Q: What about mean temperature trends?
A: In the United States the biases in maximum and minimum temperature trends are about the same size, so they cancel each other and the mean trends are not much different from siting class to siting class. This finding needs to be assessed globally to see if this also true more generally.
However, even the best-sited stations may not be accurately measuring trends in temperature or, more generally, in trends in heat content of the air which includes the effect of water vapor trends. Also, most are at airports, are subject to encroaching urbanization, and use a different set of automated equipment. The corrections for station moves or other inhomogeneities use data from poorly-sited stations for determining adjustments to better-sited stations.
Q: What’s next?
A: We also plan to look specifically at the effects of instrument changes and land use issues, among other things. The Surface Stations volunteers have provided us with a superb dataset, and we want to learn as much about station quality from it as we can.

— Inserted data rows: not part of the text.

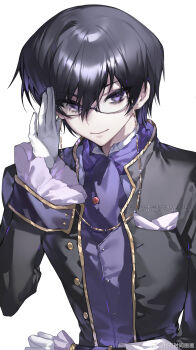 1boy absurdres ascot black_hair breast_pocket code_geass frilled_sleeves frills glasses gloves gold_trim hair_between_eyes highres jacket lelouch_vi_britannia long_sleeves looking_at_viewer male_focus pocket purple_ascot purple_eyes short_hair smile solo vest waistcoat weibo_6655142211 white_background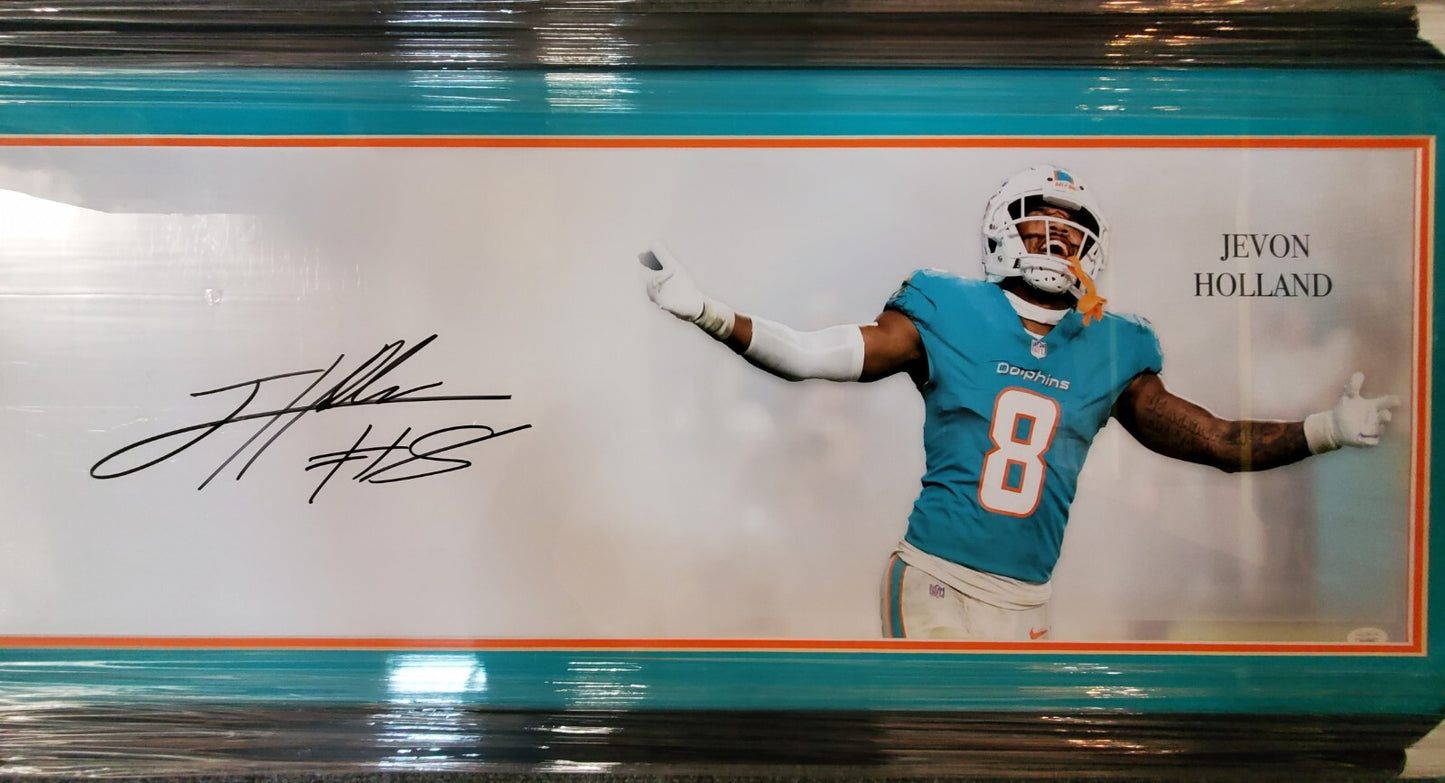 Miami Dolphins Jevon Holland Framed Signed 42X18 Panoramic Photo Jsa Coa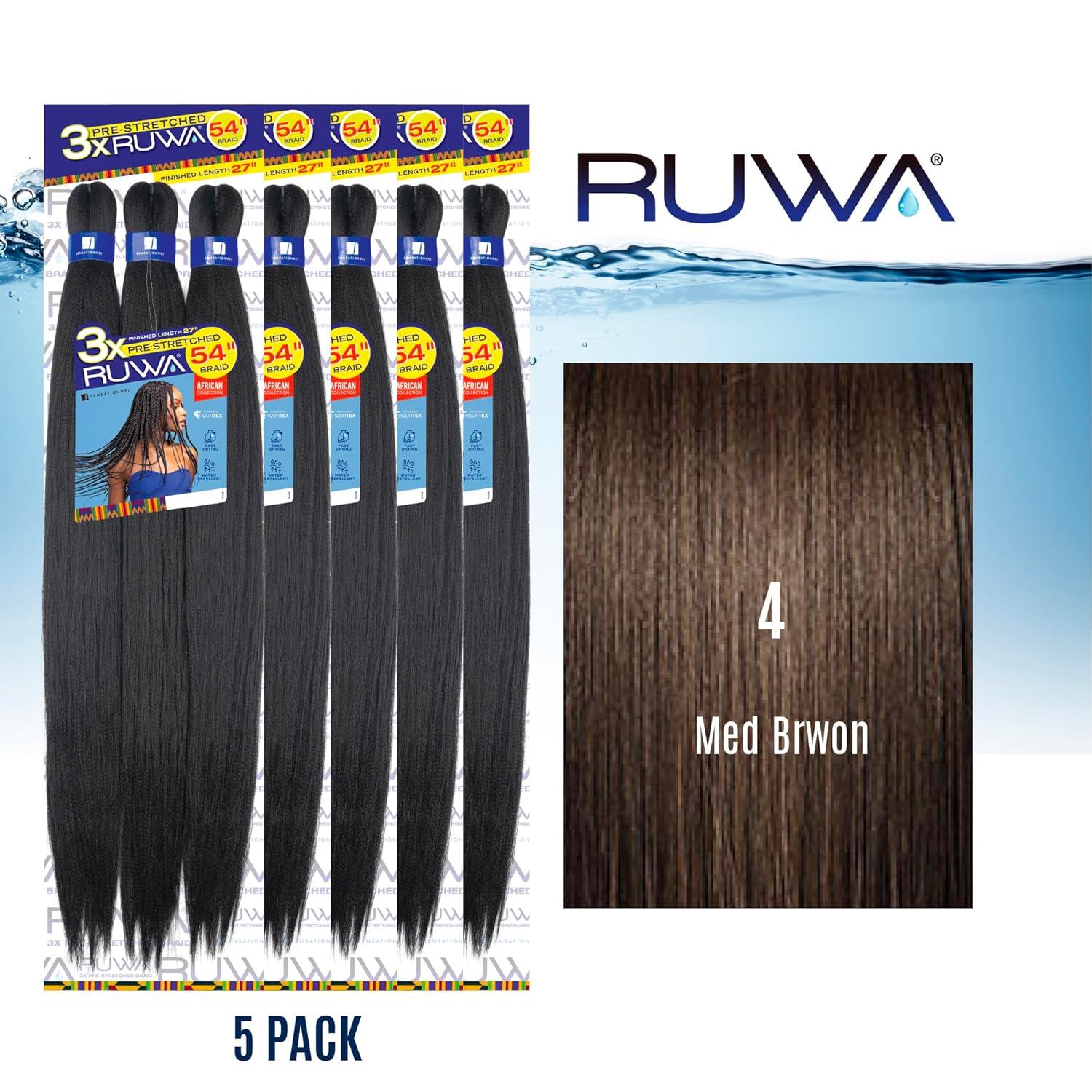 imageSensationnel Ruwa prestretched braiding hair 3x 54 inch water repellent kanekalon fast dry synthetic sports itch free 1 pack 1 JETBLACK4 MEDBROWN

================================================================
UPDATE: Since some people seemed unable to divine the link upstream, the pre-print version of the paper, posted on Dr. Pielke’s website is available here:
http://pielkeclimatesci.files.wordpress.com/2011/05/r-3671.pdf
– Anthony
UPDATE2: Dr. John Nielsen-Gammon, Texas State Climatologist and co-author, weighs in with his post:
Something for Everyone: Fall et al. 2011
As you may have heard, the long-awaited peer-reviewed analysis of the results of the SurfaceStations.org project has finally been released. I can’t wait to see the dueling headlines. Some will argue that the take-home message should be: Poor Station Siting Strongly Effects Temperature Trend Measurements, and will laugh at the idea that we can say with sufficient accuracy what has happened to our climate. Others will argue that the take-home message should be: Poor Station Siting Has No Effect on Temperature Trend Measurements, and will laugh at all the effort expended on a null result. Both sides will find solid evidence for their points of view in the paper. How can that be? How can one paper support opposing conclusions?
…
Here, in brief, are the answers: The poorest sites tend to be warmer. The minimum temperatures are warming faster at poorer sites than at better sites. The maximum temperatures are warming slower at poorer sites than at better sites. The adjustments reduce the differences by about half. The two effects are roughly equal and opposite so the mean temperature is rising at about the same rate across sites of different quality while the diurnal temperature range shows the biggest difference across sites.
On the one hand, this seems to be confirmation of the quality of the temperature record. All types of sites show the same mean temperature trend, so there’s no change necessary to our estimates of observed historical temperature trends in the United States.
On the other hand, there are several warning flags raised by this study. First, station siting is indeed important for the maximum and minimum temperature measurements. Second, the adjustments are only partly correcting the temperature record. Third, since the adjustments use data from all surrounding stations, there’s the danger that the mean trends are dominated by data from the poorer stations. (Less than ten percent of the USHCN stations are sited well enough to be considered appropriate for climate trend measurements.) Finally, and perhaps most important, are we really so lucky that the rest of the world would also have its poorly-sited stations have erroneous maximum and minimum temperature trends that just happen to be equal and opposite to each other?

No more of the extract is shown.